De vrije toestemming van de partijen
De Qor-aan verwijst naar het huwelijk als een ‘mithaq’, dat wil zeggen: een plechtig verbond of overeenstemming tussen man en vrouw, en beveelt hierbij dat dit schriftelijk moet worden bevestigd. Aangezien er geen overeenstemming tussen de twee partijen kan worden bereikt, alleen wanneer zij er mee toestemmen, kan het huwelijk alleen worden voltrokken indien de twee partijen er vrij mee toestemmen. De Profeet, vrede zij met hem, heeft gezegd: "De weduwe en de gescheiden vrouw mogen niet worden uitgehuwelijkt tenzij zij het bevel hiertoe hebben geven, en de maagd mag niet uitgehuwelijkt worden totdat haar toestemming is verkregen." (Al-Boekhaarie)
Dit aspect wordt sterk benadrukt door Imam Boekhaarie. Hij gaf een van zijn hoofdstukken in zijn Sahih de volgende betekenis: "Wanneer een man zijn dochter uithuwelijkt terwijl zij er een afkeer van heeft, dan zal het huwelijk ongedaan worden gemaakt." Er kwam eens een meisje dat nog maagd was bij de Profeet, vrede zij met hem, en ze vertelde hem (vrede zij met hem) dat haar vader haar tegen haar wil ten huwelijk heeft gegeven aan een man. De Profeet, vrede zij met, gaf haar het recht om het huwelijk af te wijzen. (Aboe Daawoed).
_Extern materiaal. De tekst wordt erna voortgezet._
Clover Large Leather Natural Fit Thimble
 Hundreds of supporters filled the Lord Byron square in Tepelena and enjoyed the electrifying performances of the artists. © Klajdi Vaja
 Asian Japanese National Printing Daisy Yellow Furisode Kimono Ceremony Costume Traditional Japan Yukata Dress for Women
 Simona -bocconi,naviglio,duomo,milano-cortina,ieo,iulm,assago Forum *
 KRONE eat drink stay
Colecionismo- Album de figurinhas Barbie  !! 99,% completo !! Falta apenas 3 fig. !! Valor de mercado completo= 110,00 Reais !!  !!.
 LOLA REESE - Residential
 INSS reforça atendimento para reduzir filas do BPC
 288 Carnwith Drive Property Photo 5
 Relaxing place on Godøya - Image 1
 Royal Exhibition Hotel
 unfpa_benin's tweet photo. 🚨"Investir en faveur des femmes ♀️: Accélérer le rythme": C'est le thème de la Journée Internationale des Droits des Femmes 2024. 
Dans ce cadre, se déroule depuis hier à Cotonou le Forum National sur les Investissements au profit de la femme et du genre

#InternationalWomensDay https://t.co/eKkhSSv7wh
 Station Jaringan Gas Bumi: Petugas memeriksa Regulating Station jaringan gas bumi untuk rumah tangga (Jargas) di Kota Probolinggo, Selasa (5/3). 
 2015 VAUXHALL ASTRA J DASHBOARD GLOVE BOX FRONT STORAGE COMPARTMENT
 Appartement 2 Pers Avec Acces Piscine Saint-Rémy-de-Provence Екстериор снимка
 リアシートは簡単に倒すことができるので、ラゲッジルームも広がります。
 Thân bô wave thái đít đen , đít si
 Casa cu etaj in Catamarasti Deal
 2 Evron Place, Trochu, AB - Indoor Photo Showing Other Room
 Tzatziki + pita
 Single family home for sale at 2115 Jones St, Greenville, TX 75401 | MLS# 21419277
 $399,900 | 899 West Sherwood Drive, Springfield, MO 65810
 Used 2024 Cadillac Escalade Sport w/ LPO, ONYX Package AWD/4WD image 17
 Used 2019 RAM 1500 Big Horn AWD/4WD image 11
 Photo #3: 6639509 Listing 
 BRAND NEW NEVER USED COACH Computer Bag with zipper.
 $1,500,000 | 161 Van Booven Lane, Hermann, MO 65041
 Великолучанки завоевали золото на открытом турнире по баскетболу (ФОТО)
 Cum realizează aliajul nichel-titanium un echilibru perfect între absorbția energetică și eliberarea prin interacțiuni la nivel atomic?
Gescheiden vrouwen is ook de vrijheid gegeven om een tweede huwelijk aan te gaan. De heilige Qor-aan zegt: En wanneer gij van vrouwen scheidt en zij het einde van haar wachtperiode hebben bereikt, verhindert haar niet, haar (aanstaande) man te huwen, als zij met elkander op de gebruikelijke wijze tot overeenstemming zijn gekomen. Dit is een vermaning voor hem, die onder u in Allah en de laatste dag gelooft. Het is beter en reiner voor u; Allah weet en gij niet. (2:232).
Met betrekking tot weduwen zegt de Qor-aan hierover het volgende:
En diegenen uwer, die sterven en vrouwen achterlaten, (hun vrouwen) moeten vier maanden en tien dagen wachten. Wanneer zij het einde der wachtperiode hebben bereikt, zal er op u geen zonde rusten voor hetgeen zij voor zichzelf op behoorlijke wijze doen; Allah weet, wat gij doet. (2:234).
Weduwen hebben dus ook het recht om te hertrouwen, zelfs in de periode dat in de bovenstaande vers van de Qor-aan wordt genoemd. En indien zij dit inderdaad doen, moeten zij afstand doen van hun recht op levensonderhoud(volgens overlevering) gedurende de rest van het jaar. Er moet echter niet vergeten worden dat de invloed van de ‘Idjbar’ dat aan de vader of opvoeder wordt toegekend, volgens de Maaliki madhab, overheerst bij het zoeken van een partner in alle bovengenoemde gevallen, nl. of de dochter of het pleegkind nou een maagd is, gescheiden is of weduwe.